Many luxury good makers are experiencing sales surges. For example, LVMH enjoyed a 20 percent sales increase in the last quarter of the year, and its Louis Vuitton label alone earned $7.88 billion for the year. Gucci’s owner, PPR, reached a 22 percent increase, and the brand’s sales of $4 billion appear to leave room for growth.
The surprise is not just that these companies are performing so well in a struggling global economy. It also stems from the source of these sales: China, Brazil, and Indonesia, primarily. Of PPR’s 900 stores worldwide, half are in Asia. In particular, men’s fashion, shoes, and watches are doing especially well in that region.
Thus another surprising trend seems to be emerging: First-time luxury buyers are mostly men.

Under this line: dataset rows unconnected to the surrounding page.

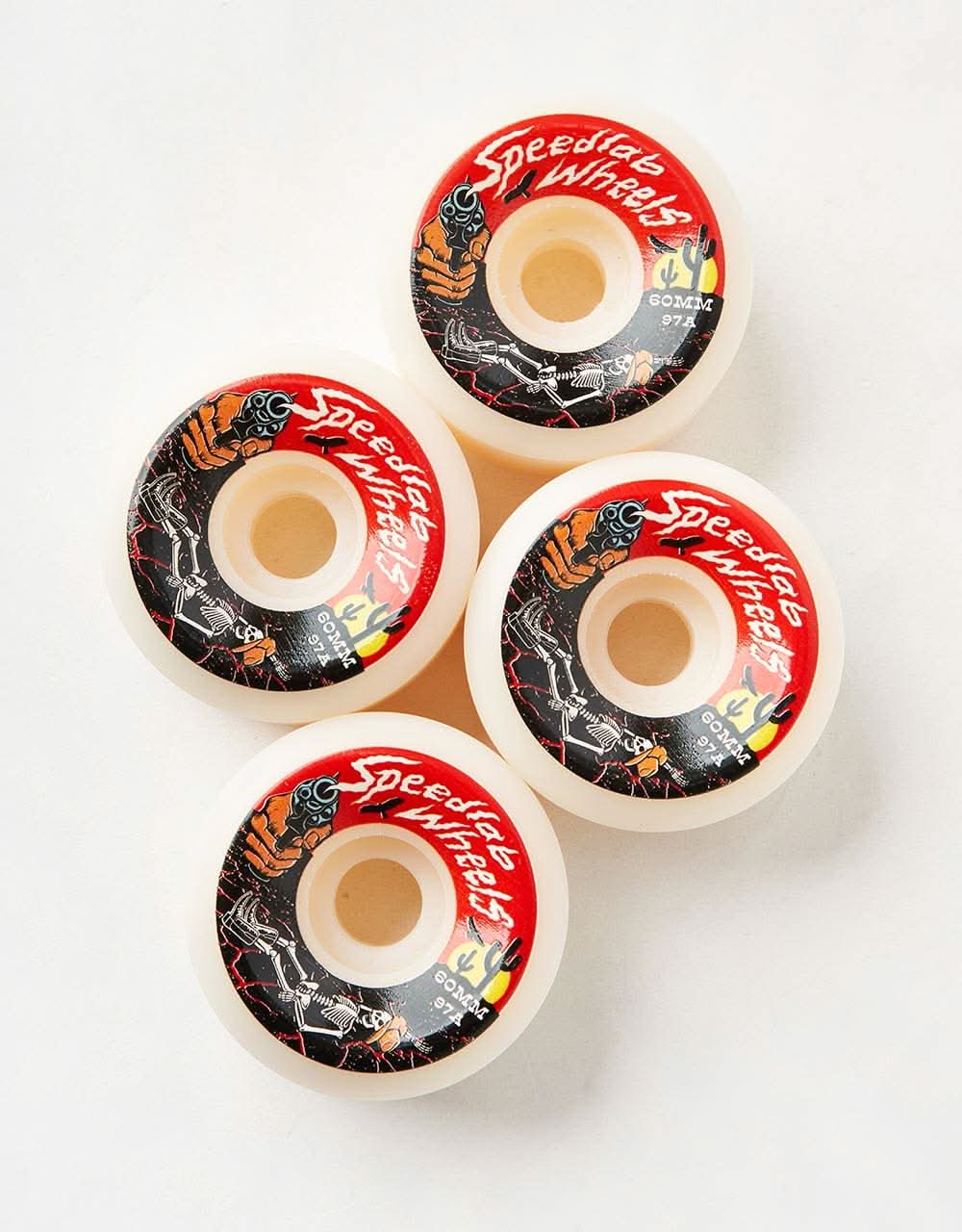 Speedlab Outlaw 97a Skateboard Wheels - 60mm - Image 2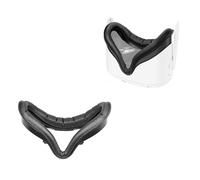ieron Face Cover Pad para Accesorios Quest 2, cojín de Espuma Transpirable a Prueba de Sudor, Compatible con Quest 2 Original Spacer (Negro)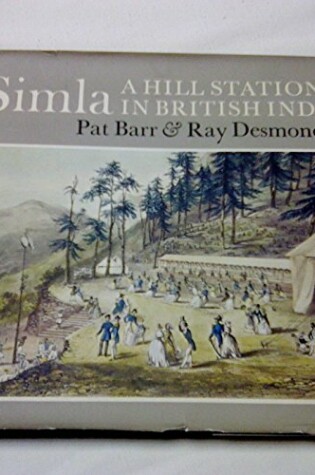 Cover of Simla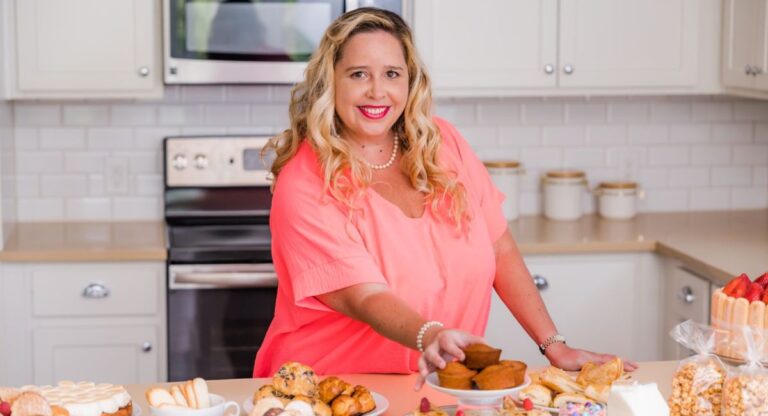 Melodie Asseraf a lancé Bake it with Mel depuis Brooklyn, NY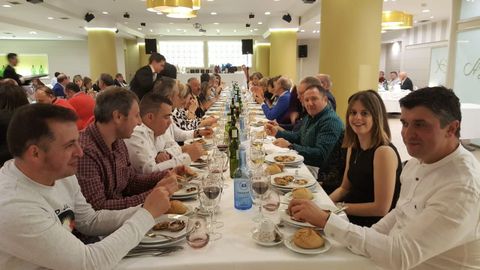 Gala de Tiro de Sarria, con más de 230 asistentes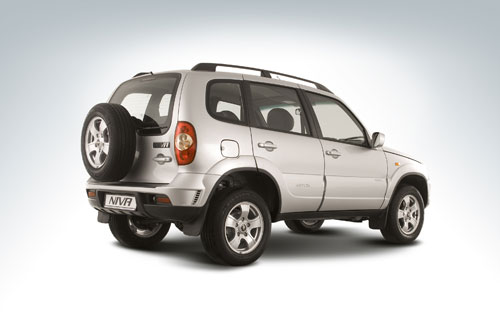 Chevrolet Niva 2010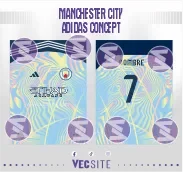Manchester City Adidas Concept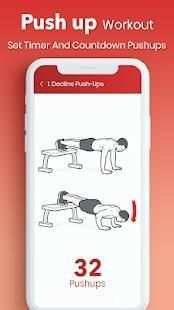 Push Ups Workout स्क्रीनशॉट 5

In response, PPR bought the Italian suit maker Brioni in November and has started a new line of men’s fashion and accessories, along with men’s-only boutiques offering Gucci, Bottega Veneta, and Balenciaga labels.
For some of these luxury goods, the sales increase was rather unexpected. They have had trouble keeping up with demand. Hermes cannot produce enough Kelly and Birkin bags—even though they cost thousands of dollars.
More mundane, low-end consumer product companies wish they had such problems. Instead, they struggle as low income consumers continue to make discerning choices about every product they buy. And luxury makers like Tiffany & Co. that moved into selling moderately priced silver items have not done as well as they expected.
- Where are luxury makers looking for growth?
- Why did the gamble of selling lower priced offerings fail for some luxury companies?